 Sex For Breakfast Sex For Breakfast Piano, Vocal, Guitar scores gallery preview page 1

...

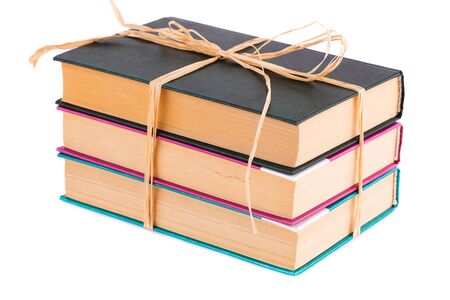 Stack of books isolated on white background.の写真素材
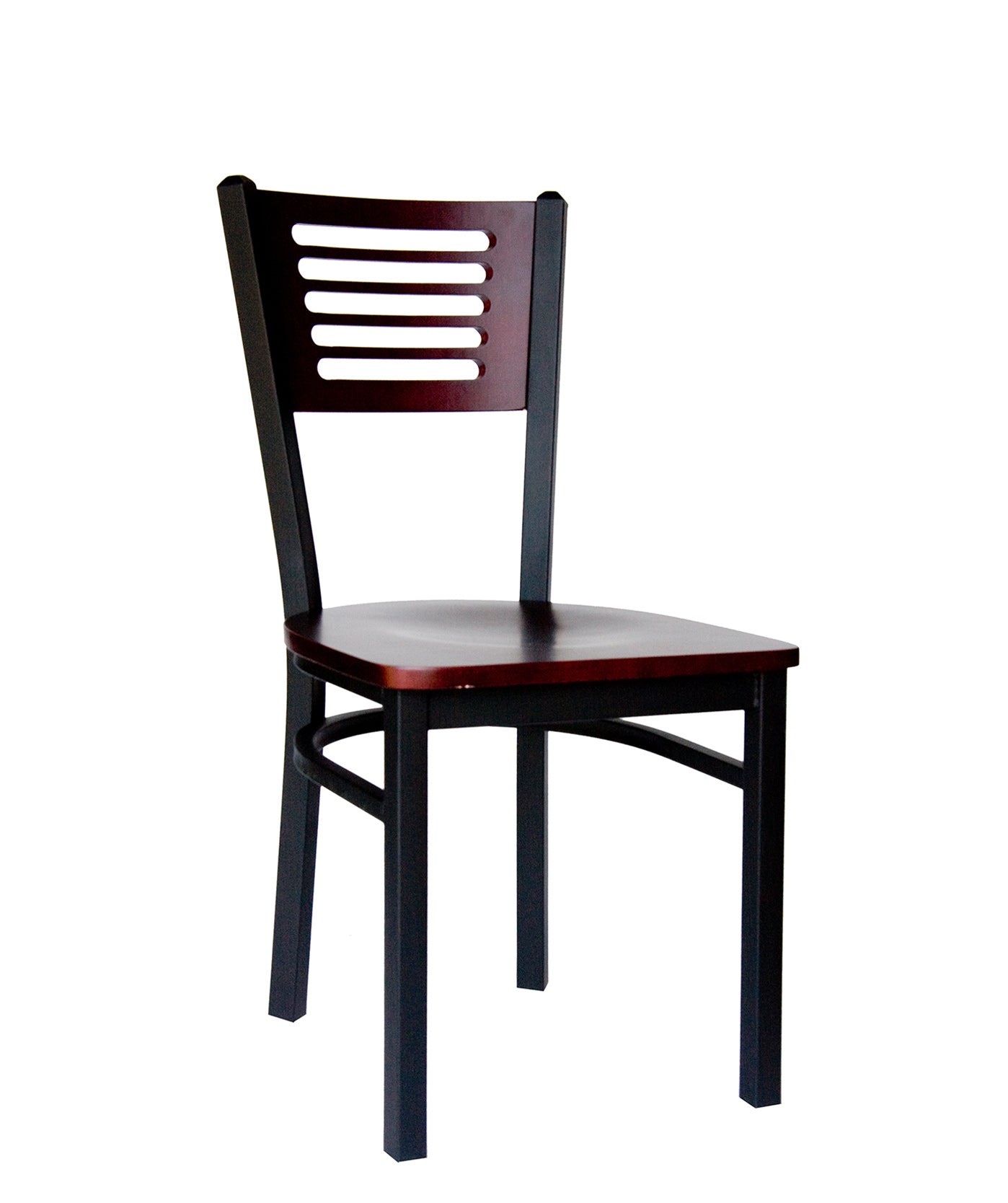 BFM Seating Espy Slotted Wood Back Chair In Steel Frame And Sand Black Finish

* * *

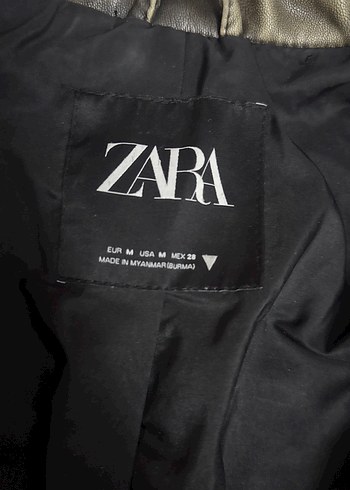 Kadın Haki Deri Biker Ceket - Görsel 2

* [Exercise requirements]
Would you output the lines above from the line holding "Stack of books" up to and including the line holding "BFM Seating Espy", exactly and only those, with no pictures?

* [Task result]
 Stack of books isolated on white background.の写真素材
 BFM Seating Espy Slotted Wood Back Chair In Steel Frame And Sand Black Finish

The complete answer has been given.